In brief
- PSG has confirmed it holds Bitcoin on its balance sheet, becoming the first major sports club to treat BTC as a treasury asset.
- The move shows PSG’s strategy to align with its young global fanbase and marks a shift away from short-term crypto promotions like NFTs and fan tokens.
- Through PSG Labs, the club plans to back Bitcoin startups and help them scale globally, expanding its role from brand to builder in the crypto ecosystem.
Paris Saint-Germain has become the first major sports club to publicly confirm holding Bitcoin as part of its treasury, just days before competing in the UEFA Champions League final.
“We took our fiat reserves and we actually allocated Bitcoin,” Pär Helgosson, head of PSG Labs, said at the Bitcoin 2025 conference in Las Vegas on Thursday. “We still have it in our books. And as one of the largest clubs in the world, we’re the largest player in the sports ecosystem to do that.”
PSG’s move breaks from the playbook of most sports clubs, which have stuck to short-term crypto experiments like NFTs and fan tokens.
The decision to treat Bitcoin as a treasury asset points to PSG’s broader strategy to position itself as a “club of the new generation.”
“More than 80% of our fan base is actually under 34 years old,” Helgosson noted. “It means that we're about what's next, just like Bitcoin.”
While crypto fan tokens and NFTs had their moment during the last bull run, PSG launched its own fan token on Socios and minted AI-generated NFT posters via Crypto.com.
The club, which boasts over 550 million fans globally, is now leveraging that reach through PSG Labs.

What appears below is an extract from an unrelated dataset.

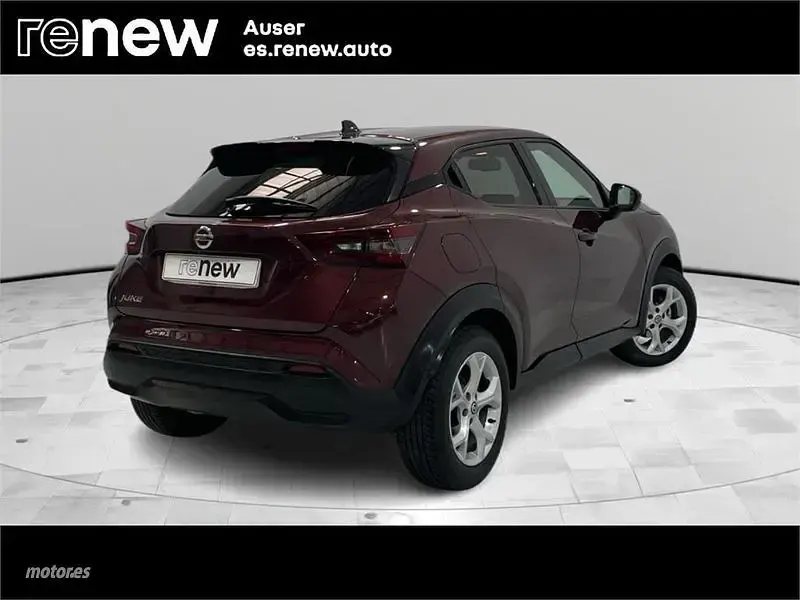 Usado Nissan Juke N-Connecta 114 CV (83 kW) 2021 Violeta SUV
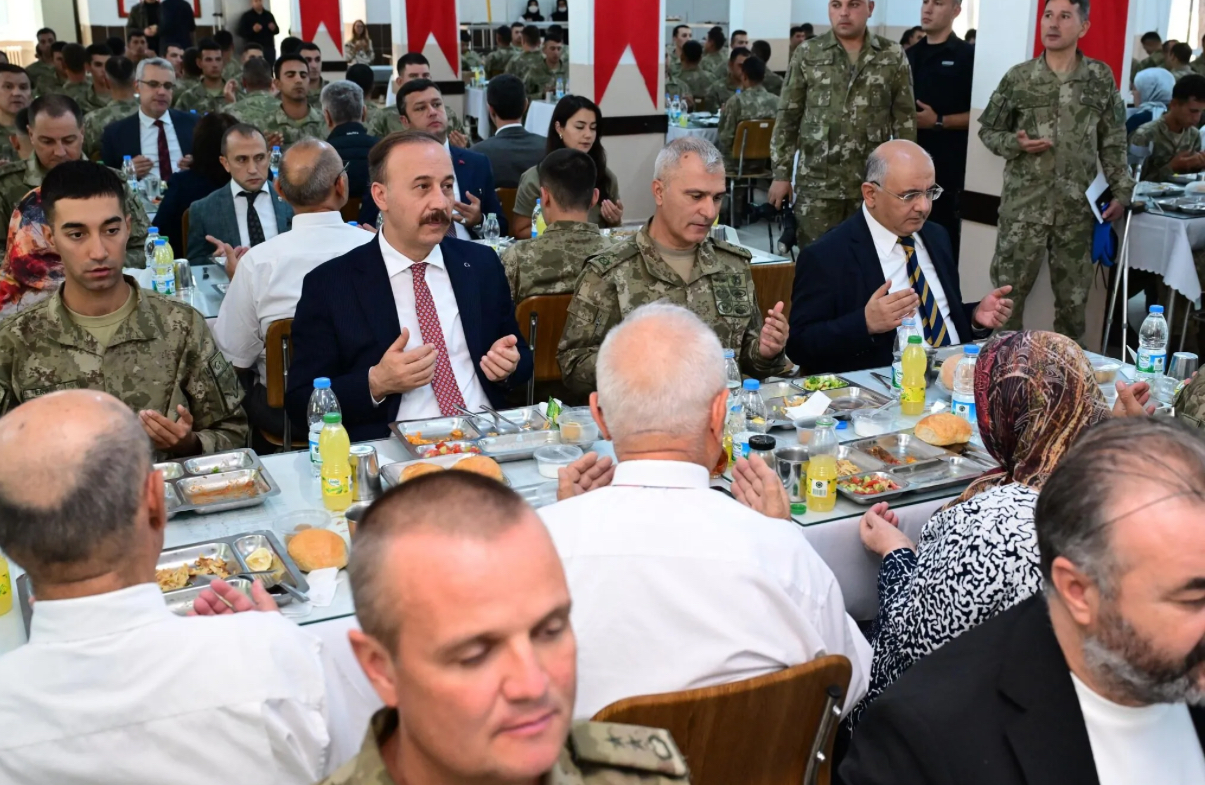 Isparta Valisi  Erin, Gazilerle Komando Tugayı’nda bir araya geldi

Founded last year, the global venture platform aims to incubate Bitcoin ventures and help them scale their operations.
“We will launch with you, list with you, raise with you,” Helgosson said. “We will help you find that global market.”
At the same conference, officials from Pakistan announced plans to establish a national Bitcoin reserve, marking a shift in how both governments and institutions are approaching BTC as part of long-term financial infrastructure.
The world’s largest crypto is trading at $106,113, down 1.6% in the last 24 hours, according to CoinGecko data.
Paris Saint-Germain will face Inter Milan in the UEFA Champions League final this Saturday in Munich.